Usually on such a sunny Saturday afternoon streets of Kharkiv will be crowded with youth and families with children. Now I witness deserted streets with a total sense of deja vu with the WWII. You can’t provoke Putin, he’s already started a total war and will not stop in Ukraine. pic.twitter.com/FAGw7aK69i
— Maria Avdeeva (@maria_avdv) March 12, 2022
Despite a city under siege, Ilias and Maria have no intention of leaving. And it doesn’t matter the many death threats they receive directly.
Photos, videos or satellite maps… all these precious documents are collected by NGOs, which analyze and record them. Currently, 40 NGOs are working on collecting evidence in Ukraine. Among them, the investigation site Open Factothe French equivalent of the British site Bellingcat, a pioneer in this field.
“We tend to think that on the Internet everything remains available. The reality is that the most interesting elements and in particular these facts tend to disappear”, exposes the co-founder of Open Facto, who prefers to remain anonymous.
Archiving is extremely important. It will be necessary to cross-check, verify, geolocate an image, date it, put it into perspective, and possibly transmit these elements to a court for what is called in English accountability, this need to report in order to define responsibilities at the following a conflict.
co-founder of Open Factofranceinfo
Amnesty International’s evidence laboratory has also succeeded in bringing to light a war crime: a Russian air strike killed 47 civilians in the suburbs of Chernihiv in the north of the country. They were queuing up to buy bread. “It’s not new for us, but it’s very hard to work on this sequence, to understand what is happening in this conflict, to manage the so many contents, says Milena Marin, who co-directs this proof laboratory, based in London.

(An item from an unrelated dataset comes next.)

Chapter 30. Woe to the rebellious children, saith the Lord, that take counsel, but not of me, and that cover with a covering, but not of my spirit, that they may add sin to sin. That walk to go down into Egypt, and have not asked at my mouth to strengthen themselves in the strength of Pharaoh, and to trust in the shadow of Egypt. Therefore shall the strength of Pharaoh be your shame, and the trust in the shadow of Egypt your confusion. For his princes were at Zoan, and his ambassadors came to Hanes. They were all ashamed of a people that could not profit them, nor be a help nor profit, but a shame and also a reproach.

“Even if we did it in Syria or Yemen, on demonstrations, sometimes on videos of torture, execution, it goes beyond us in a way. The work we do is generally difficult but there, Ukraine, it’s very stressful to see all this destruction, the civilians killed, there before our eyes, on our screens, continuously. It’s quite hard “she continues.

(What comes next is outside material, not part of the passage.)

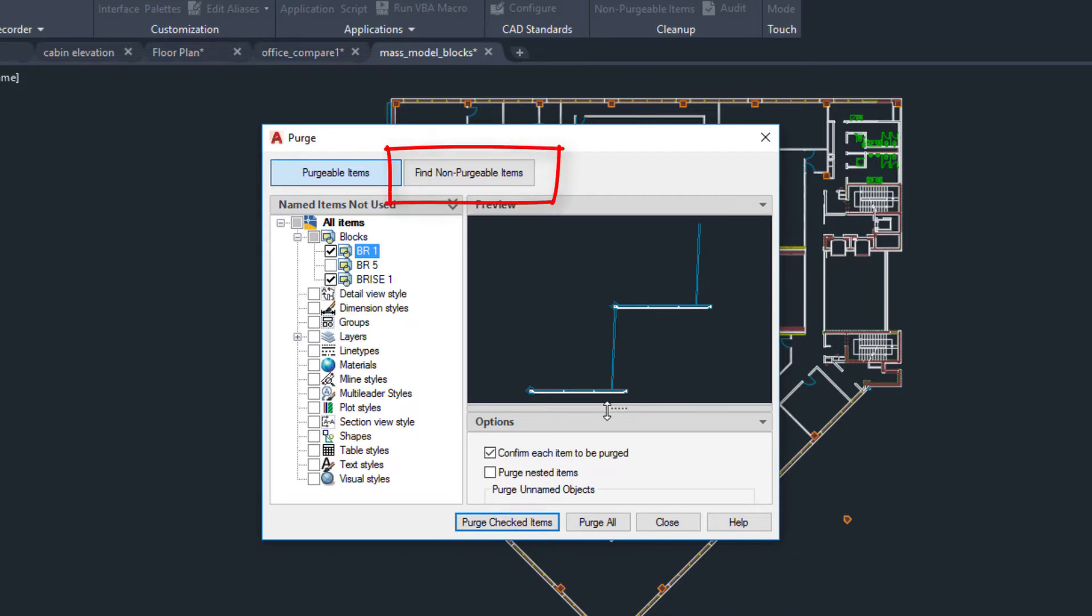We added the Find Non-Purgeable Items button for easier viewing of the items that can't be purged from the drawing.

But what to do with all this material? Is there any hope of one day seeing Vladimir Putin brought to justice? These questions were asked of the man nicknamed the “criminal tracker”: Colonel Éric Emeraux. This retired policeman headed the Central Office for Combating Crimes Against Humanity for three years. He himself arrested in the Paris suburbs, in 2020, a high dignitary of the Rwandan genocide, 26 years after the facts. For him, this evidence is a gold mine for international cooperation.
“Behind, they will be processed by the judicial police services of the different countries, of the different Member States, including France, but also by the International Criminal Court. This means that all the experts will take up each piece of evidence one by one, confront it with testimonies. All this material will then be entered into databases, in which all Member States can integrate their evidence”, he says.

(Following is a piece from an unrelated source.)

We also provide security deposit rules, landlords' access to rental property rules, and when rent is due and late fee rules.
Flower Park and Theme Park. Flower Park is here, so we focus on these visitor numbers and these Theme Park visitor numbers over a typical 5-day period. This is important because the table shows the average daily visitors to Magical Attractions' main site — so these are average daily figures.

“All the experts will take each piece of evidence one by one, compare it with testimonies. What we do each time for Bosnia, Rwanda, Liberia, is to redo the investigation. I usually say : if we had questioned Milosevic, in 1996 or 1997, saying to him ‘you are going to end your days in a jail in The Hague’, I am not convinced that he would have been sure of what we could have said to him. What seems important to me is to give ourselves the tools and procedures to ensure that this type of aggression is judged and condemned.he concludes.
The soldier nevertheless regrets that France does not open, as Germany or Spain have just done, an investigation for a possible war crime in the name of universal jurisdiction. A few weeks ago, on this legal basis, the court of Koblenz in Germany succeeded in having a former Syrian colonel of the Damascus regime sentenced to life imprisonment.